Location
- Jalan Convent, 34000 Taiping, Perak Malaysia

Information
- Type: All-girls primary and secondary school
- Motto: Simple in Virtue and Steadfast in Duty
- Religious affiliation: Christian
- Denomination: Roman Catholic Church
- Established: 1899^{[citation needed]}
- School district: Larut, Matang and Selama
- Principal: Pn. Suraya Binti Sabaruddin
- Grades: Form 1 - 5
- Gender: Female
- Enrollment: 543 (FY 2019)
- Feeder schools: SK Convent, Taiping SMK Convent, Taiping
- Founder: Christian Nuns
- Employees: 47 teachers and 19 general workers
- Website: www.smkct.net

= Convent Taiping =

All-girls school in Taiping, Perak, Malaysia

Convent Taiping is an all-girls school located on Convent Lane in Kota, Taiping. The primary school is one of the 40 Convent primary schools in Malaysia, while the secondary school is one of 30 Convent secondary schools in Malaysia.

==History==
Convent Taiping School was originally a Catholic girls school for students of all races regardless of religion, with motto Simple in Virtue and Steadfast in Duty. The school was founded by Rev. Father Clement Charles Grenier from Penang, following a request from the Catholic families for a girls school in Taiping. The school was the brainchild of Rev. Father Clement Charles Grenier, when he visited the town in 1898.

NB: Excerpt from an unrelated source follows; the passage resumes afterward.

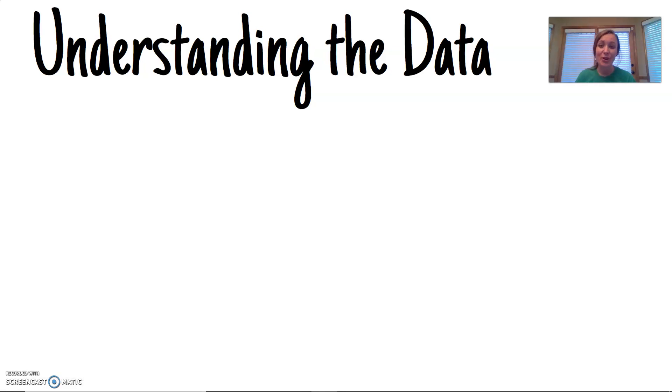Hi, my name is Jolie McCrary and in this video I'll explain how psychologists use measurement tools to interpret the data that they get from their research.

On 23 February 1899, under the decree from Monsignor Fee, Rev. Mother Anselm, Superior of the Convent in Penang, sent three nuns, namely, Sister Prudence, Sister Angela and Sister Cecile to Taiping and established the first convent school at Kelian Pauh, Taiping. By March of the same year 75 students had registered and beginnings were being made for Indian girls. When the British Resident of Perak, Sir John Pickersgill Rodger, accompanied by the Inspector of Schools paid a visit to the school, a change was made whereby the school would be funded by the State Government.

On 28 July 1902, primary classes were started in the new classrooms at the Convent Kelian Pauh. In December 1902, four candidates from the school set out for Penang to sit for the preliminary examination of the forerunner of the Junior Cambridge Certificate. In 1900, Mother Clothide became the first headmistress for an Indian girls school; known as St. Theresa Convent with 26 students. In 1912, the school, under the second principal, Rev. Mother St. John Baptist, was granted the status of 'First Class Grant' from the British Government to the school.

In 1931 the Kelian Pauh Convent was shifted to the town centre at Convent Lane, Kota and renamed Convent Kota. The convent nuns conducted classes for the children and an orphanage for the unwanted children. The present buildings for the secondary school date back to 1938, situated next to the St. Louis Church. In 1932, under the tenure of Mother Ethienna, ten students sat for the Junior Cambridge Examination and the number of students increased to 286, with 12 teachers.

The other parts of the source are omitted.